No. 1: Rondo ruled out for Game 6 — The Chicago Bulls are staring down elimination tonight in Game 6 at home against the Boston Celtics (8 ET, ESPN). Bulls point guard Rajon Rondo flirted with the idea of playing in Game 5, but that didn’t happen and now it looks like Game 6 is a no-go for him as well. Mark Murphy of the Boston Herald has more:
Bulls coach Fred Hoiberg wasn’t just being cautious when he said the return of Rajon Rondo was a “longshot” on Wednesday night.
The team announced yesterday that the point guard, looking more and more like the prime reason the Bulls won Games 1 and 2, will not play tonight in Game 6 due to lack of improvement in his fractured right thumb.
…
“He’s a really good player — certainly they’ll run an action or two when he’s on the court versus when he’s off of it,” Brad Stevens said before last night’s practice at the United Center, “but it’s not going to change how we play at either end of the floor. As we evaluated after Game 2, we determined a course of action, before we knew he was out.”

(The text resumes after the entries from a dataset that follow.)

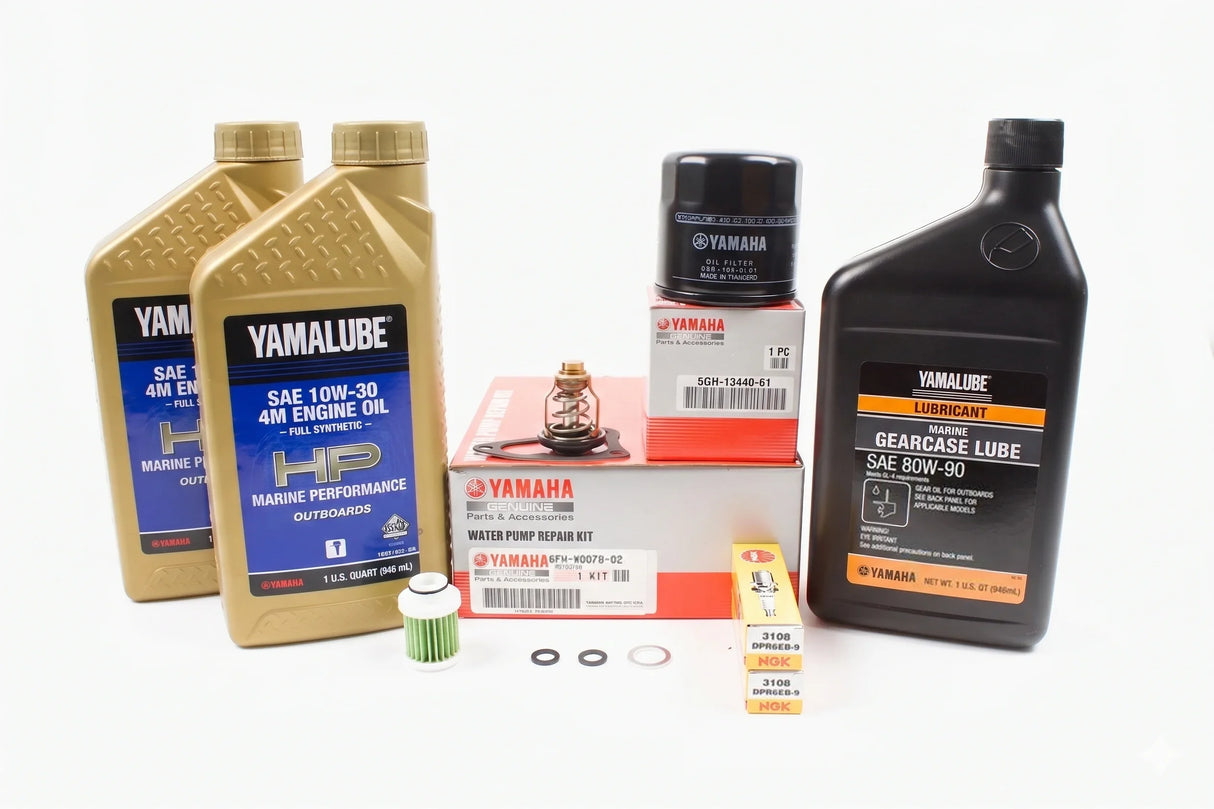 Yamaha F25C T25C 300 Hour Service Maintenance Kit - Yamalube 10W-30 Full Synthetic - 2016-Current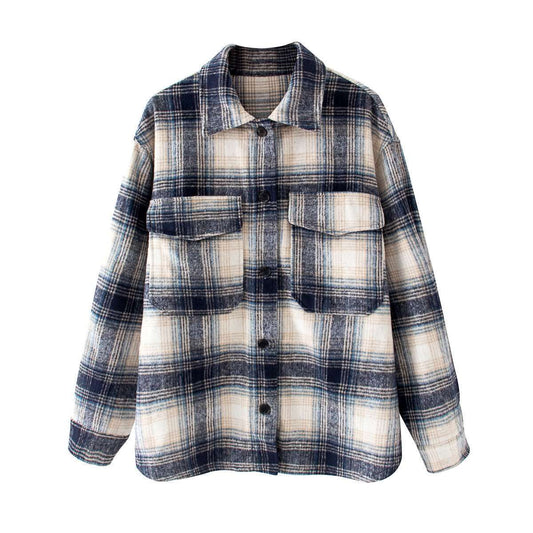 Brushed plaid coat women's clothingUpgrade your wardrobe with our Brushed Plaid Coat! Made with high-quality blended fabric, our coat features a classic grid pattern and a simple yet stylish design. SShirtPlush Fashions ShopPlush Fashion ShopBrushed plaid coat women'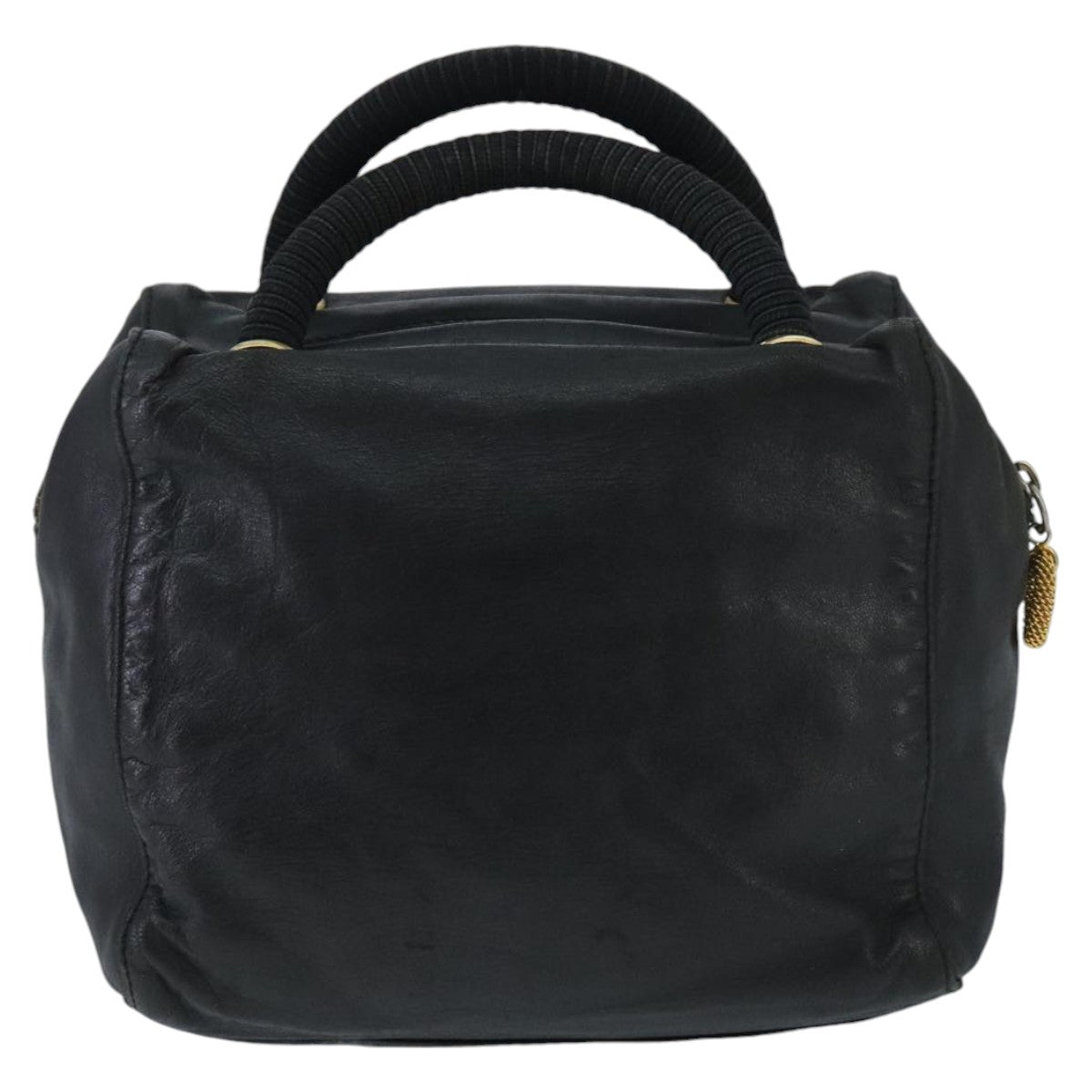PRADA Hand Bag Leather Black Gold Auth 97627 | Brand Street Tokyo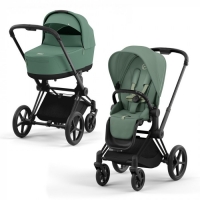 Коляска 2 в 1 Cybex Priam IV Platinum Collection шасси Matt Black, Leaf Green (Зеленый)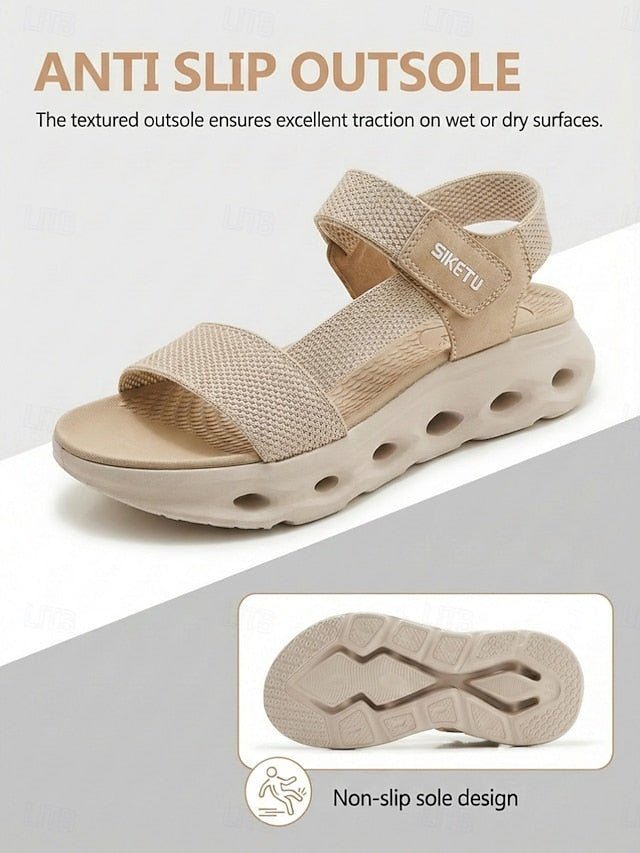 Women's Almond Arch Support Sport Sandals - Lightweight Magic Tape Walking Sandals with Cushioned Shock-Absorbing Sole, Summer Sandals for Travel, Summer Walking and All-Day Comfort - Morrowden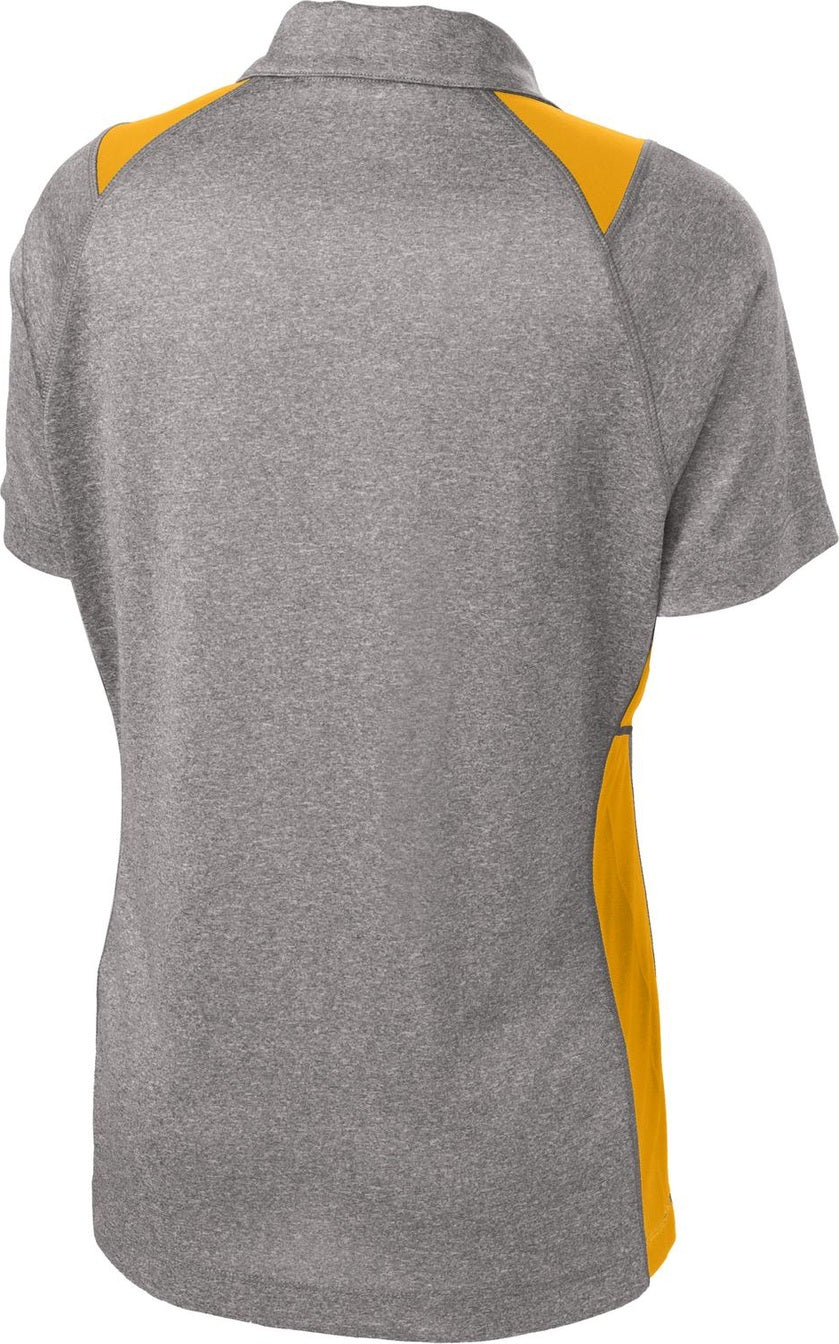 Front View of Vnt He/Gold Sport-Tek Women's Heather Colorblock Contender Polo. LST665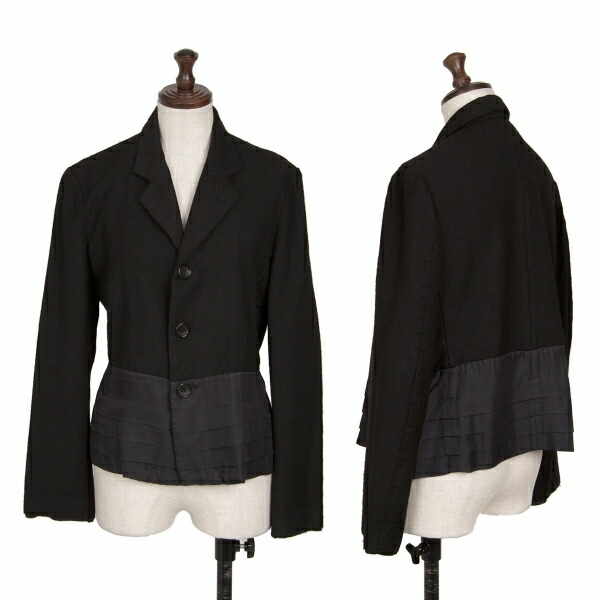 【中古】 トリココムデギャルソンtricot COMME des GARCONS製品染ウール裾シルク切替３Bジャケット 黒M【レディース】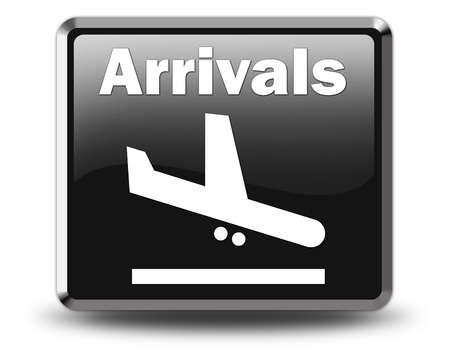 Icon, Button, Pictogram with Airport Arrivals symbolの写真素材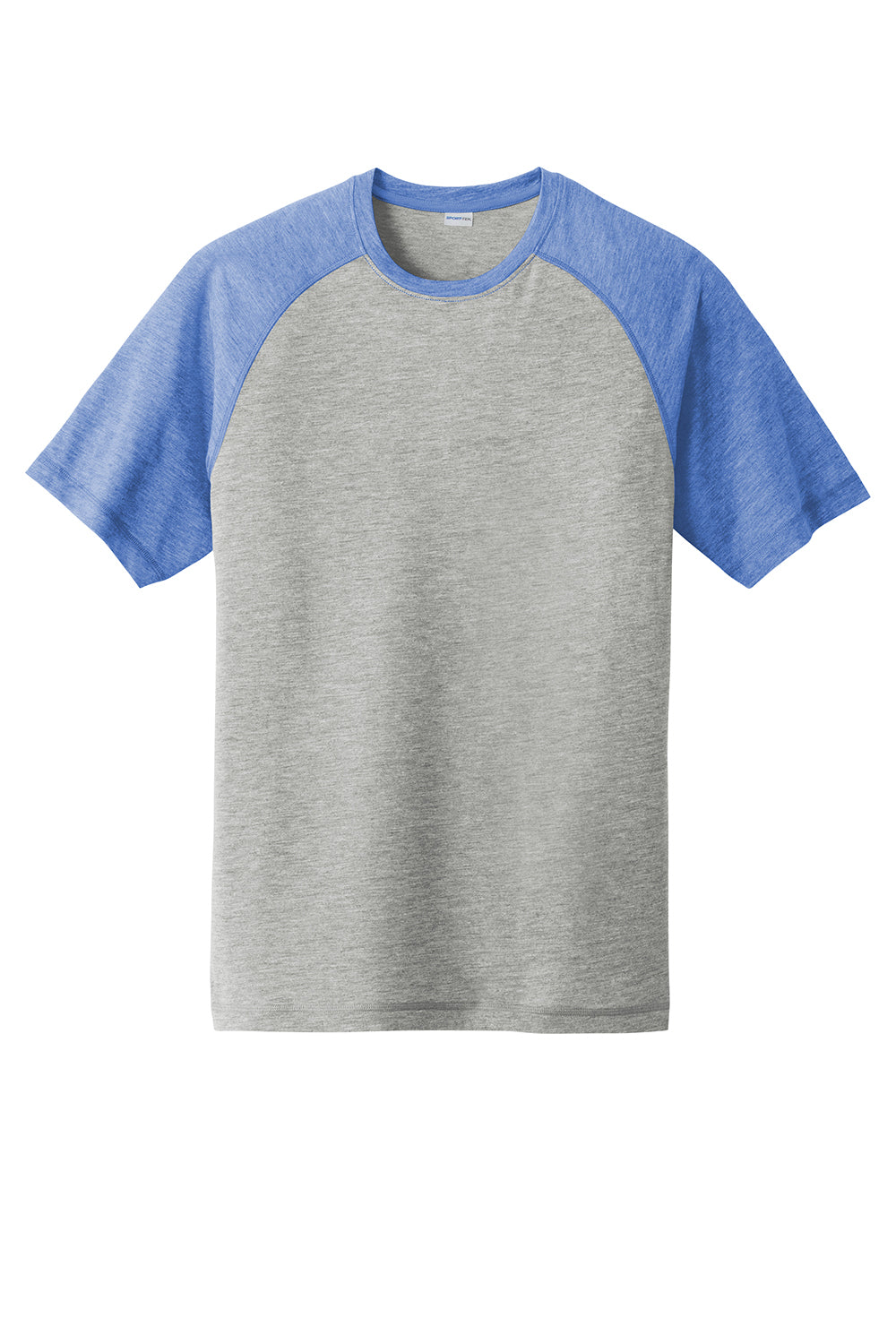 Sport-Tek ST400 Mens Moisture Wicking Short Sleeve Crewneck T-Shirt Heather Light Grey/Heather True Royal Blue Flat Front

Bradley remembers well another time when Rondo played with an immobilized arm, after a yank from then-Miami guard Dwyane Wade dislocated his left elbow. Rondo played two games with the injured arm essentially dangling by his side.
“He’s tough. It just shows — we used to say back then, ‘You always want to play with your dogs,’ people that are gonna play hard no matter what,” said Avery Bradley. “You just want to go out there and compete at a high level, and that’s Rondo. If he’s hurt, he’s gonna try to help his team no matter what. I know that. It just makes the game that much fun. That’s what it’s all about, competing against the best players.”
Had Rondo played, Bradley’s sure he would have been effective despite the injured hand, and that Celtics defenders would not have tried to overplay against his right hand.
“I don’t think you look too much into it. You’ve just got to go out there and play hard,” said Bradley. “He’s a professional basketball player, so if he’s coming back he’s gonna find other ways to be able to work around that injury and try to make plays for his team, so we just have to go out there and play our game and focus on what we can control, and that’s guarding him as best as we can.”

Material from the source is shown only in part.